ROCHESTER, N.Y. (CBSNewYork/AP) — A New York man accused of plotting to kill members of the U.S. military has denied new federal charges that he tried to aid the Islamic State group in Syria and Iraq.
Mufid Elfgeeh pleaded not guilty Thursday to three counts of attempting to provide material support and resources to the group designated a foreign terrorist organization by the U.S.
According to an indictment Tuesday, the Rochester food store owner tried to arrange for three individuals to travel to Syria to join the extremist group in 2013 and early 2014. Authorities said two of those people were actually FBI informants.
Elfgeeh was arrested in May after federal authorities said he bought two handguns and two silencers as part of a plan to kill members of the U.S. armed forces returning from war and Shiites in the Rochester area.
The investigation included linking Elfgeeh’s home computer to tweets from alias Twitter accounts expressing support for al Qaeda, violent holy war and Sunni insurgent groups in Syria, according to court papers.
“We will remain aggressive in identifying and disrupting those who seek to provide support to ISIL and other terrorist groups that are bent on inflicting harm upon Americans,” U.S. Attorney General Eric Holder said in a statement on Tuesday.
In an affidavit seeking court permission to obtain some of Elfgeeh’s social media and messaging records, an FBI agent said Elfgeeh asked for donations to be sent along to jihadists in Syria and asked one of the FBI informants to help raise money for a Yemeni man to travel to Syria.
That man subsequently had trouble getting a visa to enter Turkey, according to the court documents, which also said Elfgeeh encouraged the informants to join the fight in Syria and said he would join them.
The FBI said it had been investigating Elfgeeh, a naturalized U.S. citizen, since early last year.
The FBI said it paid one of the informants $21,700 and provided help on immigration matters for that person’s family.
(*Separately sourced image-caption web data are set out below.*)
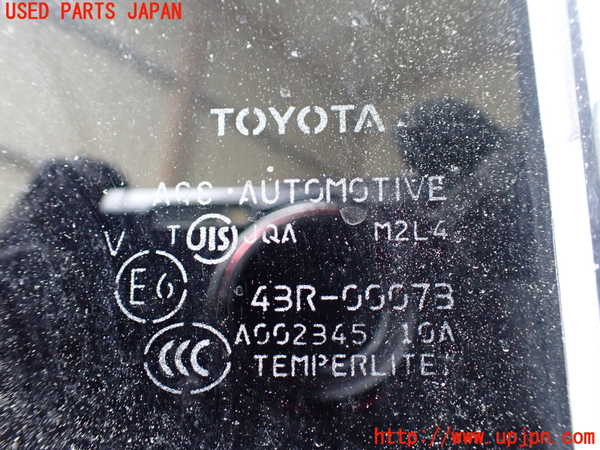 1UPJ-9226711320]ヴェルファイア(ANH20W)左後ドア 43R-00073 中古_5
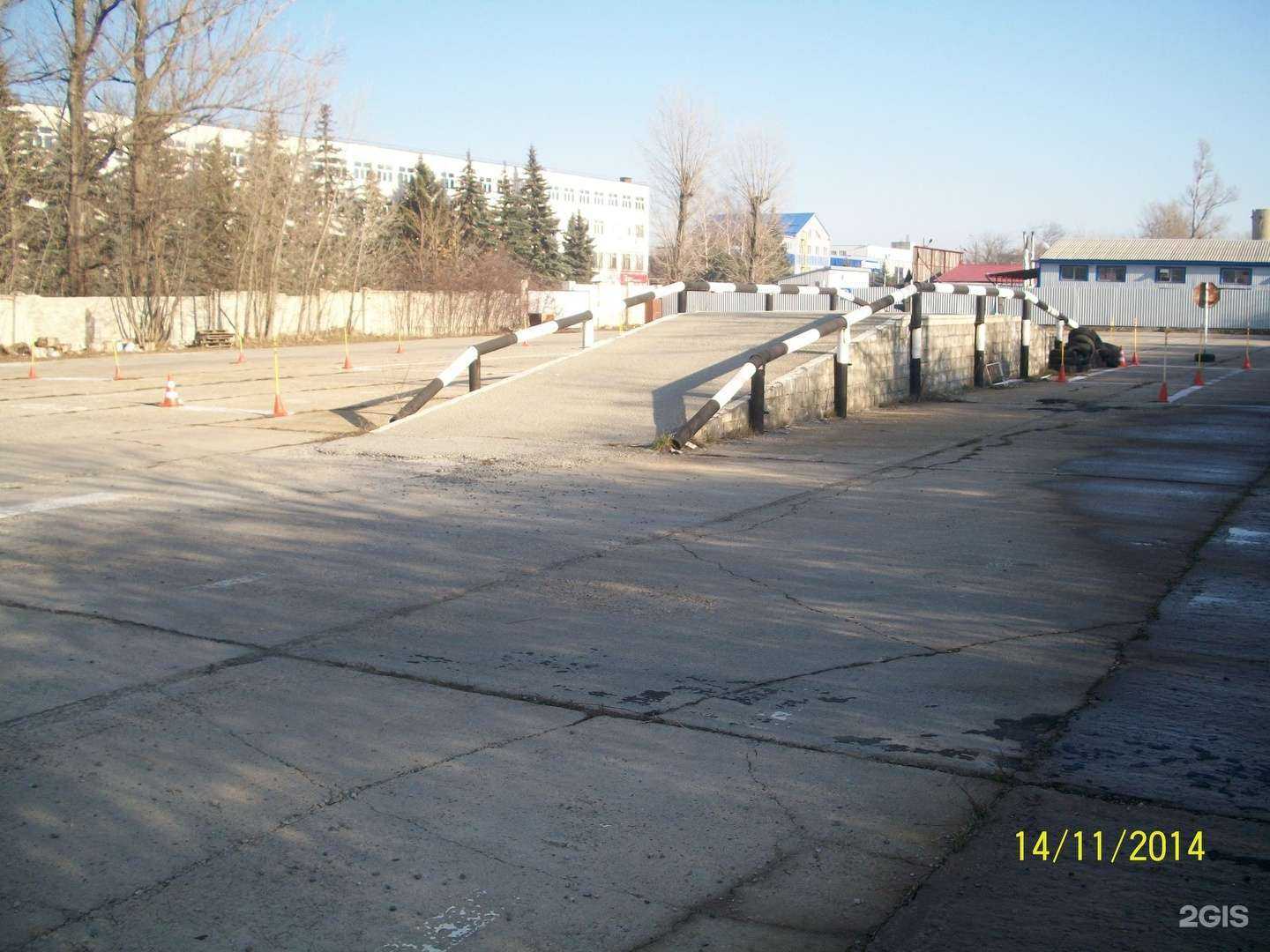 Отзывы на компанию Центр профессионального образования и переподготовки Инновация в г. Ставрополь c фото
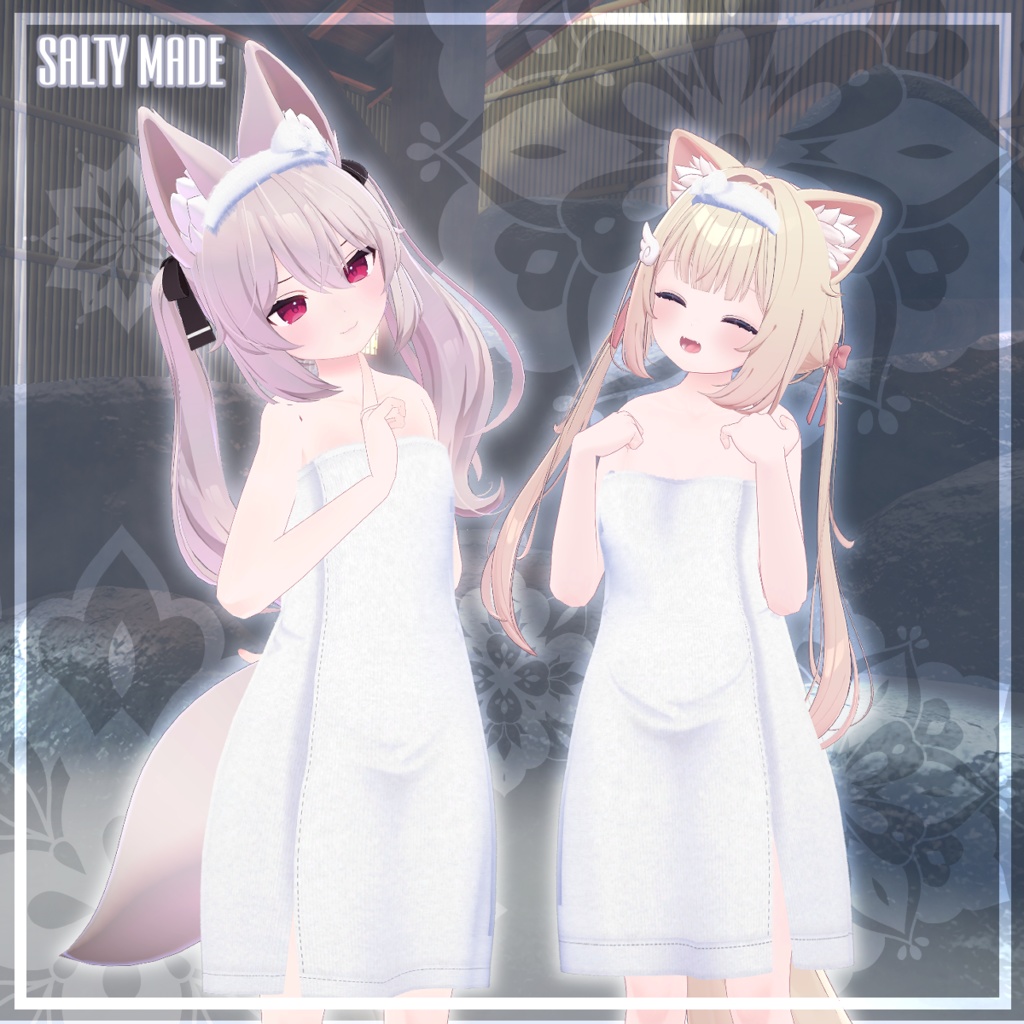 【複数アバター対応】湯の花バスタオル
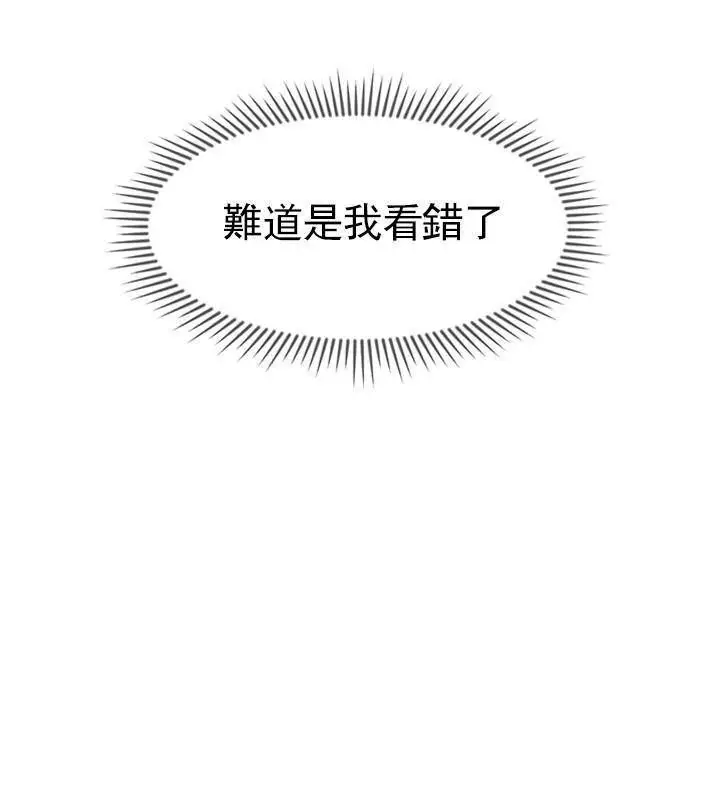 漫画《坏老师》第36话第105张图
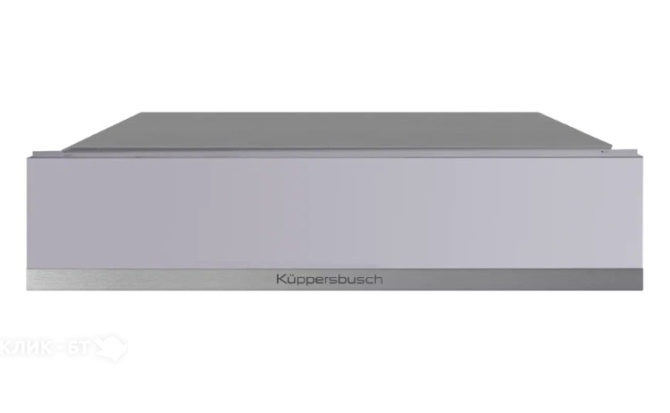 Подогреватель посуды KUPPERSBUSCH CSW 6800.0 G1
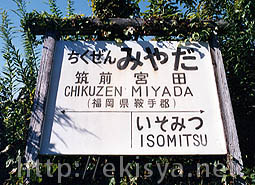 �{�c���@�}�O�{�c�w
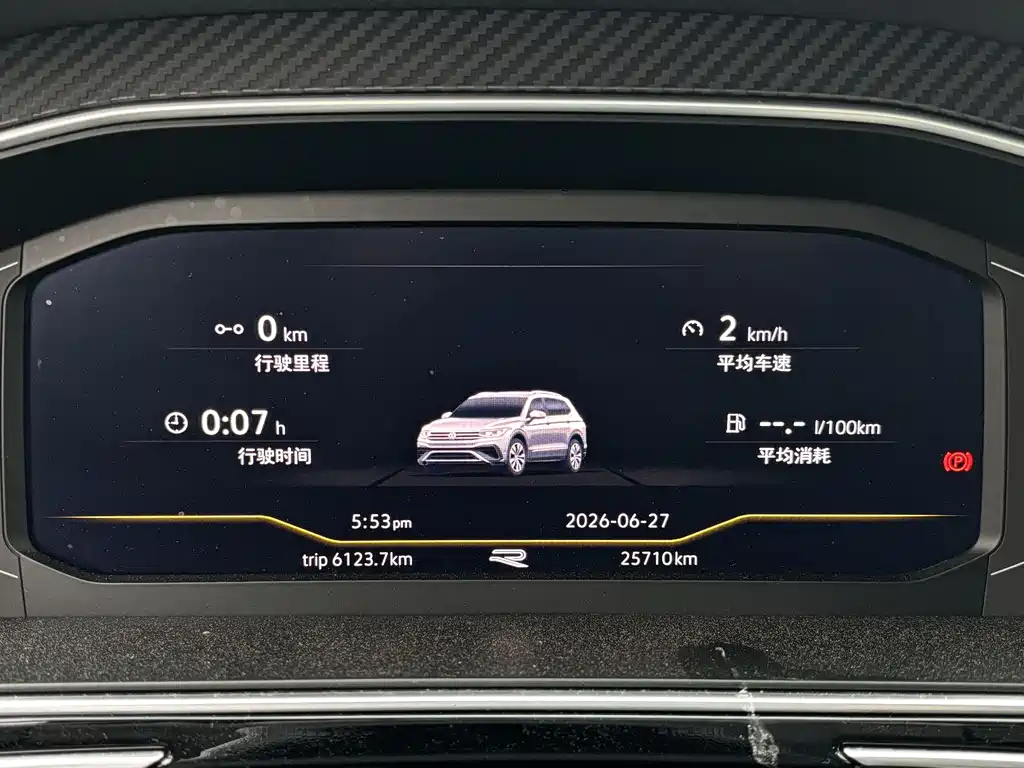 Volkswagen Tiguan L 2023 — фото 11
The other informant, who had two previous convictions for drug offense a decade ago, was paid $7,000.
Earlier this week, Mayor Bill de Blasio, New York Gov. Andrew Cuomo and New Jersey Gov. Chris Christie met in Manhattan with U.S. Homeland Security Secretary Jeh Johnson to discuss ways to secure the region from what they described as a mounting terror threat fueled by Islamic State extremists.
The officials emerged from the meeting saying they would develop a coordinated security plan covering both states.